Coding Setup

VS Code, Git, Quarto … the stuff you need if you want to work with data

Setup

VS CodeGitQuartoR

You don’t need any other software!*

*ok maybe a shell, a browser, Python, pixi and packages

VS Code

  • Modern, cross-platform IDE
  • Extensibility
    • Languages and frameworks
    • Syntax higlighting and linting
    • Data viewers
    • AI agents (e.g. Cline)
  • Alternatives:

Git

  • As a version control system
    • Collaborate
    • Track changes
    • Undo & recover
    • Branch & merge
  • As a hosted Git platform (e.g. Github, Gitea, …)
    • Remote repository hosting
    • Software project management tool
    • Resource for open-source software
    • Issue and bug reporting for users

Example usage via CLI

# in an existing repo after making some changes
git add .

# commit with an informative message
git commit -m "describe changes here"

# push
git push

# later: pull before starting new work
git pull

Qaurto

Finding the right data science framework

Quarto

  • Open-source publishing system / coding notebook
  • Author with Markdown, HTML, LaTex and YAML
  • Code in R, Python, Julia and (Observable) JavaScript
  • Layouts and styling with CSS
  • Render to HTML or PDF and create articles, websites, dashboards, presentations, …
  • Interactive, data-driven framework

Example usage via CLI

# render a single file
quarto render index.qmd

# preview on local host
quarto preview

Markup Languages I

YAML – metadata and configuration

title: "Template"
author: "Lukas Schmoigl"
project:
  type: website
  output-dir: website
  render: 
    - index.qmd
  preview:
    port: 1111
    browser: true
    watch-inputs: true
format:
  html:
    theme: [style.scss]
    page-layout: article

Markdown – basic formatting and layouting

*italic text* and **bold text**

[Link to WU](https://www.wu.ac.at){.example-link}

`inline code` and code blocks

![Images](img/wifo.svg){width=60 fig-align="left"}

italic text and bold text

Link to WU

inline code and code blocks

Images

Markup Languages II

HTML – advanced formatting and layouting

<details>
  <summary>Click to to see some special information</summary>
  <p>
    <span style="color:#9C6B91">Quarto</span>  is the thing!
  </p>
</details>
Click to to see some special information

Quarto is the thing!

TeX/LaTeX – mathematical expressions and citations

$$ \sqrt{\frac{1}{n}\sum_{i=1}^{n}(y_{i} - \hat{y}_{i})^{2}} $$

\[ \sqrt{\frac{1}{n}\sum_{i=1}^{n}(y_{i} - \hat{y}_{i})^{2}} \]

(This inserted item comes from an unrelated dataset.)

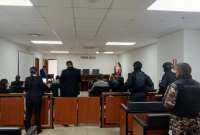 La audiencia del Caso Pampa se efectu&oacute; en el Complejo Judicial Norte de Quito.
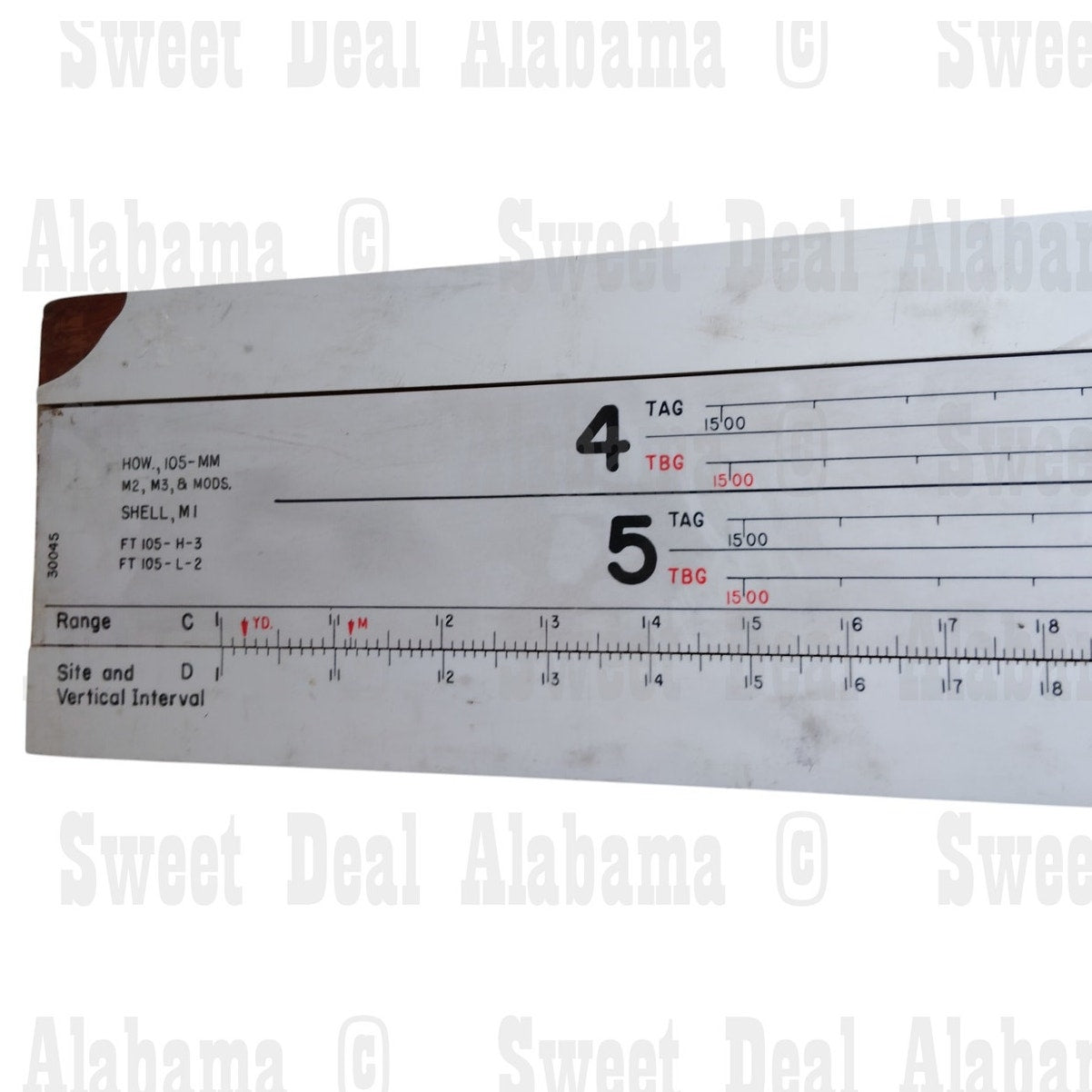 Military Vernier Training – 58"x9" Survey/Artillery Instruction, WWII-Era Style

It can be stated that intensive training programs have 
among the most effect on job market integration 
of long-term unemployed [@eppel2024].

It can be stated that intensive training programs have among the most effect on job market integration of long-term unemployed (Eppel et al. 2024).

Code Chunks – R

R – data wrangling and statistical modelling

library(tidyverse)
library(kableExtra)

data <- read_csv("data/cases.csv")

plot_data <- data %>%
  separate(case_nr, c("court", "case_nr"), ", ") %>%
  group_by(court, month) %>%
  count(name = "cases") %>%
  group_by(court) %>%
  mutate(sum_cases = sum(cases, na.rm = TRUE)) %>%
  filter(sum_cases > 100) %>%
  ungroup()

write_csv(plot_data, "data/plot_data.csv")

plot_data %>%
  filter(row_number() <= 15) %>%
  kable("html") 
court month cases sum_cases
BG Favoriten 2007-01-01 10 624
BG Favoriten 2007-02-01 11 624
BG Favoriten 2007-03-01 9 624
BG Favoriten 2007-04-01 11 624
BG Favoriten 2007-05-01 8 624
BG Favoriten 2007-06-01 8 624
BG Favoriten 2007-07-01 7 624
BG Favoriten 2007-08-01 8 624
BG Favoriten 2007-09-01 4 624
BG Favoriten 2007-10-01 4 624
BG Favoriten 2007-11-01 9 624
BG Favoriten 2007-12-01 11 624
BG Favoriten 2008-01-01 6 624
BG Favoriten 2008-02-01 8 624
BG Favoriten 2008-03-01 11 624

Code Chunks – OJS

Observable JavaScript – interactive data viz

import { vl } from "@vega/vega-lite-api-v5"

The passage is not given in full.